Virginia   0-2389   54-0585263

(State or other jurisdiction of

incorporation or organization)

  (Commission File Number)  

(I.R.S. Employer

Identification Number)

 

102 Westside Boulevard, NW

Roanoke, Virginia

  24017
(Address of principal executive offices)   (Zip Code)

 

(540) 342-1831

(Registrant’s telephone number, including area code)

 


 

Check the appropriate box below if the Form 8-K filing is intended to simultaneously satisfy the filing obligation of the registrant under any of the following provisions (see General Instruction A.2. below):

 

¨ Written communications pursuant to Rule 425 under the Securities Act (17 CFR 230.425)

 

¨ Soliciting material pursuant to Rule 14a-12 under the Exchange Act (17 CFR 240.14a-12)

 

¨ Pre-commencement communications pursuant to Rule 14d-2(b) under the Exchange Act (17 CFR 240.14d-2(b))

 

¨ Pre-commencement communications pursuant to Rule 13e-4(c) under the Exchange Act (17 CFR 240.13e-4(c))

 



Item 2.03. Creation of a Direct Financial Obligation or an Obligation under an Off-Balance Sheet Arrangement of a Registrant

 

On October 4, 2004, the Registrant and certain of its subsidiaries entered into a 5 year Credit Agreement (“Credit Facility”) with Wachovia Bank, National Association (“Wachovia”), in its capacity as Administrative Agent for itself and the other participating lenders, and with BB&T of Virginia, as Syndication Agent, and Wachovia Capital Markets, LLC, as Sole Lead Arranger and Book Runner.
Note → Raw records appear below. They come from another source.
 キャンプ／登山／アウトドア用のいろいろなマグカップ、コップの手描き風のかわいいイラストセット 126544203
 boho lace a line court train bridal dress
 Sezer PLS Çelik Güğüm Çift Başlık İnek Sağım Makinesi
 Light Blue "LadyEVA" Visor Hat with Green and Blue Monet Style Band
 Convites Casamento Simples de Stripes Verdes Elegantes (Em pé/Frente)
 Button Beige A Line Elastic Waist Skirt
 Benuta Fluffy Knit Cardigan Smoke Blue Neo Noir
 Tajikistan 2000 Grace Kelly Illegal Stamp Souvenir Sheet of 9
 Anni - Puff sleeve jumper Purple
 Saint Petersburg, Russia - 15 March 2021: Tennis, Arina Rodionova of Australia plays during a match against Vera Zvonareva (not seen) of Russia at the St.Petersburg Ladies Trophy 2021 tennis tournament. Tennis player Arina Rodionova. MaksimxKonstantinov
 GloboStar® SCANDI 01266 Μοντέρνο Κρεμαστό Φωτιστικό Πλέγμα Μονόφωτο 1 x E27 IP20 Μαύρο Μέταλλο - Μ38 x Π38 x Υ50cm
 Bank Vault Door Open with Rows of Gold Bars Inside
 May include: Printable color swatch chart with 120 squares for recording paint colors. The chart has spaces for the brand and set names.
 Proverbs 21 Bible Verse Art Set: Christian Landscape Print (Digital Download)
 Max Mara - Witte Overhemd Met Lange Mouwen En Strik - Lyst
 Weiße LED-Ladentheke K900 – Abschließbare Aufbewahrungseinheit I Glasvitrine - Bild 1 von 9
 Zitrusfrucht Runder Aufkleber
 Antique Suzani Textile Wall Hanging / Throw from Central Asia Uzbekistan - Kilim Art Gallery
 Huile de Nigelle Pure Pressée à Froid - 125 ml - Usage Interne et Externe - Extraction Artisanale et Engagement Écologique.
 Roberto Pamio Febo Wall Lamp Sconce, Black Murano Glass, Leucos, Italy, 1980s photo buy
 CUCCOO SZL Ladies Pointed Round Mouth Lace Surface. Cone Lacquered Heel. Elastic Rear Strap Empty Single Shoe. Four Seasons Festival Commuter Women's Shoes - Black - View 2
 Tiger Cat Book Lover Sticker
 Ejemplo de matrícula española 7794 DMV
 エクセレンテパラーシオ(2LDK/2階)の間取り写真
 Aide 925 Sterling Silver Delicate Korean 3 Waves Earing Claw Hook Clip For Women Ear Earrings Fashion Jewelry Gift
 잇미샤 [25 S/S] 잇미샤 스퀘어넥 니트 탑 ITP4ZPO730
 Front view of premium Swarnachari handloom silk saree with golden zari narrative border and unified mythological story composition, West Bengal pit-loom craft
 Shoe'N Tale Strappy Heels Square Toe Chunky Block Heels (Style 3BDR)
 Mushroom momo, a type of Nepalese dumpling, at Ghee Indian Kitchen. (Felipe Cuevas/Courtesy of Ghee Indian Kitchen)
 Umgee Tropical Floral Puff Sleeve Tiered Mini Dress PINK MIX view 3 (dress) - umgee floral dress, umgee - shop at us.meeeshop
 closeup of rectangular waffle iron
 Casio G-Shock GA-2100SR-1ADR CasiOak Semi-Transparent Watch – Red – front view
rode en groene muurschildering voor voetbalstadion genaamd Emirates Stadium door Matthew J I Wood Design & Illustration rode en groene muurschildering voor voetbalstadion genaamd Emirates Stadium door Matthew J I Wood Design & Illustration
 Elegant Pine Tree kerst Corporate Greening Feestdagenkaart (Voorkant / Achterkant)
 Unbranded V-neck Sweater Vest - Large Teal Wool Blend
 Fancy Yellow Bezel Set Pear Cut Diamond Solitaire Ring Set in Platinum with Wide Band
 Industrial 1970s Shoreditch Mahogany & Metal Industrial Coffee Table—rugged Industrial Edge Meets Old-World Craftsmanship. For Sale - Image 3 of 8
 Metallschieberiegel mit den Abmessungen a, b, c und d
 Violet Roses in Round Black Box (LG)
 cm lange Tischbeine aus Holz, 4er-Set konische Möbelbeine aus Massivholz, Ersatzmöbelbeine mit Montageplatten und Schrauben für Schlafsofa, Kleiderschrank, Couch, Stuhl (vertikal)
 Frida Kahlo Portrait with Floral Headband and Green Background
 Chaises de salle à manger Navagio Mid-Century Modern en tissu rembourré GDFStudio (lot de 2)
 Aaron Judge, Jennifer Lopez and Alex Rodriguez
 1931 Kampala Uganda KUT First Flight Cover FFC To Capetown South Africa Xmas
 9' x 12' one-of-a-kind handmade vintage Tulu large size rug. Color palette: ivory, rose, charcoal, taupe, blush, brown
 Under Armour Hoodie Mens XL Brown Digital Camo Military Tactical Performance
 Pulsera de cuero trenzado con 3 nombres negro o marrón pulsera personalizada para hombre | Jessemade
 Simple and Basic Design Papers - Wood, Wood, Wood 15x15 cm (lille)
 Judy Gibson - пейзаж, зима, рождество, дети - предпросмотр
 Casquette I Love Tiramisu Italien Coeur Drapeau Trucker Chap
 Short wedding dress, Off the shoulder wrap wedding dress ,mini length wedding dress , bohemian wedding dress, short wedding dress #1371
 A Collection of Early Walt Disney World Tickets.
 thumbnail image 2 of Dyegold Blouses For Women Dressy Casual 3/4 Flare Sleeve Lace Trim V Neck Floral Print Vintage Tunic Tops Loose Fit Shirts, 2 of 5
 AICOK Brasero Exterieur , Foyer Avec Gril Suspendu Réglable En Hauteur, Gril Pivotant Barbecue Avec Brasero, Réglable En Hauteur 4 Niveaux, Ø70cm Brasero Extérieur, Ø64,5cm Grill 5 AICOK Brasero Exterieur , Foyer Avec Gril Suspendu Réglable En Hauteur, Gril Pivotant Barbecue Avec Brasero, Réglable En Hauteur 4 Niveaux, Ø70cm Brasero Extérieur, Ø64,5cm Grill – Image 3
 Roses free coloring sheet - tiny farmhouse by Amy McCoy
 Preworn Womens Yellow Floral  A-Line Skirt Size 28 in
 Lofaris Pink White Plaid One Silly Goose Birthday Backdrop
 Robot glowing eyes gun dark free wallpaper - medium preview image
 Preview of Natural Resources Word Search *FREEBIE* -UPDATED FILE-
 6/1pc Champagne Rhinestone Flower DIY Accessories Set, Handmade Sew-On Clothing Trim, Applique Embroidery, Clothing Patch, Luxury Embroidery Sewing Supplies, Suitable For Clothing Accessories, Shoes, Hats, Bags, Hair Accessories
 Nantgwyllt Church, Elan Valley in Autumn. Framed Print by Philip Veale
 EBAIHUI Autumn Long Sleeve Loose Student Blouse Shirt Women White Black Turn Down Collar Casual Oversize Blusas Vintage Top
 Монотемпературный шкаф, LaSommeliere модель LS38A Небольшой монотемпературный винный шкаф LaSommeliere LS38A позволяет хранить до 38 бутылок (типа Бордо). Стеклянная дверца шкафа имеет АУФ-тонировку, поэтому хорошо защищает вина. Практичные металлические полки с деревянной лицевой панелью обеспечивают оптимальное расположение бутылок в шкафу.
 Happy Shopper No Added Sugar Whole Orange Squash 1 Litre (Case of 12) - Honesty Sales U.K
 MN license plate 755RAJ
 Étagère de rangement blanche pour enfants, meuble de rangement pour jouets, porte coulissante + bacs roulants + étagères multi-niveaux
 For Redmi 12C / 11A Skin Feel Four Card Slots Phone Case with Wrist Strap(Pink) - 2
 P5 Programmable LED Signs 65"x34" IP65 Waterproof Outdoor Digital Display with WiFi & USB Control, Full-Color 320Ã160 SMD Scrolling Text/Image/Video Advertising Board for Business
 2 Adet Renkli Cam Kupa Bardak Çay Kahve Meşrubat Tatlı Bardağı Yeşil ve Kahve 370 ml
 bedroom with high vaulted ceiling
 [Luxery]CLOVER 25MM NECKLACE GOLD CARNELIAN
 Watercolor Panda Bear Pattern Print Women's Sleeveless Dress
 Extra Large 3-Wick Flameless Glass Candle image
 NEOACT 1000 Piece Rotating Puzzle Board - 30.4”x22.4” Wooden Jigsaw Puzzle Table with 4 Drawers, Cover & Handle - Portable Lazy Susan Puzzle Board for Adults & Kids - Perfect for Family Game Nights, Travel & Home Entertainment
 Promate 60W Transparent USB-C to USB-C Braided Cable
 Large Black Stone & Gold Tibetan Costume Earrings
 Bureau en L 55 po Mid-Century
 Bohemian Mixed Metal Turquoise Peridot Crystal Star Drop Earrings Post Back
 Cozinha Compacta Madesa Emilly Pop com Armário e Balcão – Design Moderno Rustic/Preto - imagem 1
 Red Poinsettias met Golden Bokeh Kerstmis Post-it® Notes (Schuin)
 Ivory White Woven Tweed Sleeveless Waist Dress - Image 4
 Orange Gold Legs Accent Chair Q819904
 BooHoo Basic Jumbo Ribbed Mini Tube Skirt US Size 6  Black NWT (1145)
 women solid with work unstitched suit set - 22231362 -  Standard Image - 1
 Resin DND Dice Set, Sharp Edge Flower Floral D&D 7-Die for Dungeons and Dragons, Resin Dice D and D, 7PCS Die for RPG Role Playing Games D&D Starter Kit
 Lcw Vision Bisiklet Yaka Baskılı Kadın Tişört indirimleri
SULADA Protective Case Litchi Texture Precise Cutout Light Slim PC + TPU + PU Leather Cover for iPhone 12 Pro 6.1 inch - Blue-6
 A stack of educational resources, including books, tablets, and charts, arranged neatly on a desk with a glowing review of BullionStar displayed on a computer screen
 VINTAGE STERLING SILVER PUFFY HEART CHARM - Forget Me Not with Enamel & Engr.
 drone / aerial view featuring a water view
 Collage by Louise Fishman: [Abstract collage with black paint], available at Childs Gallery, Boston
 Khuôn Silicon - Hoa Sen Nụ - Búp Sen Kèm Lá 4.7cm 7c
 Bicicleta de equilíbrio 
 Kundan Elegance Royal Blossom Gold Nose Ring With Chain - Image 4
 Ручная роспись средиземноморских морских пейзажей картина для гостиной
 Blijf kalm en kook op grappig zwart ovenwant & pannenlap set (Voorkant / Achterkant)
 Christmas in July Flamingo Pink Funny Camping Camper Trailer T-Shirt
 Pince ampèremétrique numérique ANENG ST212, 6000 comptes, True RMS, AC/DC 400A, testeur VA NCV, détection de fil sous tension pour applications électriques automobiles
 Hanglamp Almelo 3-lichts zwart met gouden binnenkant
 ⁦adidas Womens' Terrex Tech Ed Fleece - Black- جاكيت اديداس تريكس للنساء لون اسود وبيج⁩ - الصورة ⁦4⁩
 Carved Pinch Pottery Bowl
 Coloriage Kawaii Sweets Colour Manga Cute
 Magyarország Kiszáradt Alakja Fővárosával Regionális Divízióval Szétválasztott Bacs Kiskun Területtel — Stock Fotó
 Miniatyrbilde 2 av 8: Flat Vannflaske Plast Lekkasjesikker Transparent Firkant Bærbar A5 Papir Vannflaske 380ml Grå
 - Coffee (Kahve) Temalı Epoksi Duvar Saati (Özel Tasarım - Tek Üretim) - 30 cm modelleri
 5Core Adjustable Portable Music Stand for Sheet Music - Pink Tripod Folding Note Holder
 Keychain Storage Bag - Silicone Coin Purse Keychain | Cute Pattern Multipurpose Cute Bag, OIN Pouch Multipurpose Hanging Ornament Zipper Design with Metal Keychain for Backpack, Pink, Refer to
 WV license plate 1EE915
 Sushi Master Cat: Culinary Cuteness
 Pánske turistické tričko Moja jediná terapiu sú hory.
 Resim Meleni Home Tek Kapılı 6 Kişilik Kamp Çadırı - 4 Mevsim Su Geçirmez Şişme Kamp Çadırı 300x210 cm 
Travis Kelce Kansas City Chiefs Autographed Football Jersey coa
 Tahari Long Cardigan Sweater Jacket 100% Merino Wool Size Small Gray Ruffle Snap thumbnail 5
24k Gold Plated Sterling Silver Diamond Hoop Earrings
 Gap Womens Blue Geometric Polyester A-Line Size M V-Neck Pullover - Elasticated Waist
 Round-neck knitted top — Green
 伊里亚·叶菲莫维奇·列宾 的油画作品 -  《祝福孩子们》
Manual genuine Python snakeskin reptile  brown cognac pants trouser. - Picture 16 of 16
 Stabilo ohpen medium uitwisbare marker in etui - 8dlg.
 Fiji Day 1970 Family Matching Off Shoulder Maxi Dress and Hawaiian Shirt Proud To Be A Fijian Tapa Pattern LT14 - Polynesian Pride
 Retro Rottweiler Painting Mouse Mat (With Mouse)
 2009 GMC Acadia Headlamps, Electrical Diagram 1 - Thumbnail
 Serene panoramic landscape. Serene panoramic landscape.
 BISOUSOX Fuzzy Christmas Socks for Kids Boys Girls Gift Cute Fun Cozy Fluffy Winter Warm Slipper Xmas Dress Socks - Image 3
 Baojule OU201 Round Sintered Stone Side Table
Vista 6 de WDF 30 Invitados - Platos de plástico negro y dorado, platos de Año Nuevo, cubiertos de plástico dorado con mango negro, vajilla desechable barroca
The Credit Facility is in the aggregate amount of $85 million and consists of a $30 million term loan (the “Term Loan”) and a $55 million revolving loan (the “Revolving Loan” and, collectively with the Term Loan, the “Loans”). The Credit Facility permits the Registrant, upon request, to increase the aggregate amount by an additional $10 million, and establishes for the Registrant two sub-facilities pursuant to which Wachovia will issue letters of credit in the aggregate amount of up to $5 million and will make swingline loans in the aggregate amount of up to $5 million, with any such amounts to be applied to and reduce the amount available for borrowing under the Revolving Loan.

 

The Registrant is using the proceeds of the Credit Facility to repay the remaining balance of approximately $64.5 million under its existing credit facility dated December 15, 1998, as amended, in the original principal amount of $185 million and to fund its working capital and general corporate requirements.

 

The Loans will bear interest at the Registrant’s option at (i) one, two, three, six or, if available, nine or twelve month LIBOR as selected by the Registrant, or (ii) the greater of (A) the prime rate publicly announced from time to time by the Administrative Agent, or (B) the effective federal funds rate quoted by the Federal Reserve Bank of New York plus ½ of 1%. The Term Loan requires quarterly payments of principal in the amount of $1.5 million plus interest, and the Revolving Loan requires quarterly payments of interest until the fifth anniversary of the Credit Facility at which time the outstanding principal balance of the Revolving Loan must be paid in full.

 

The Loans are secured by a pledge of the outstanding stock in each of the Registrant’s direct and indirect subsidiaries and by a lien on the tangible and intangible personal property of the Registrant and each of such subsidiaries. The Registrant may prepay the Loans at any time at its option, and is required to make mandatory prepayments as follows:

 

  (i) 100% of net insurance proceeds not applied to the repair or replacement of damaged properties,

 

  (ii) 100% of the net proceeds from the sale of assets, other than assets sold in the ordinary course of business where the proceeds are used to replace such assets or to purchase new assets within 360 days,

 

  (iii) 100% of the net proceeds from the issuance of debt, and

 

  (iv) 50% of excess cash flow for the prior fiscal year beginning with the fiscal year ending on October 31, 2005,

 

with any such prepayments applied first to the remaining amortization payments under the Term Loan on a pro rata basis, and then to borrowings under the swingline facility, Revolving Loan, and outstanding letters of credit. Amounts prepaid under the Revolving Loan may be reborrowed until the maturity date.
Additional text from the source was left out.